**PROBLEM**
Transcribe exactly the lines from the one containing "Duşanbe,Tacikistan-15 Mart 2018: İsmim" through the end of the data, both included. Leave out pictures.

**DATASET EXTRACT**
-----

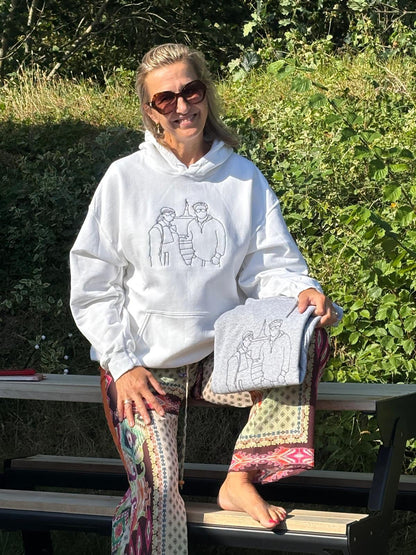 Hoodie (photo + background embroidered)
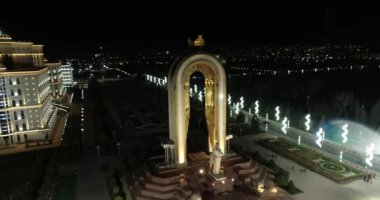 Duşanbe,Tacikistan-15 Mart 2018: İsmim Yağı Somoni Anıtı Duşanbe, Tacikistan. Renkli metalden yapılmış heykel, Somoni elinde 13 metre yüksekliğinde devlet arması.
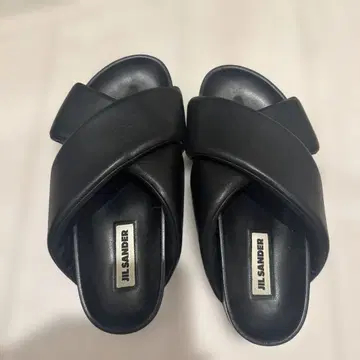 JIL SANDER 블랙 크로스 스트랩 샌들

-----

**SOLUTION TO THIS PROBLEM**
 Duşanbe,Tacikistan-15 Mart 2018: İsmim Yağı Somoni Anıtı Duşanbe, Tacikistan. Renkli metalden yapılmış heykel, Somoni elinde 13 metre yüksekliğinde devlet arması.
 JIL SANDER 블랙 크로스 스트랩 샌들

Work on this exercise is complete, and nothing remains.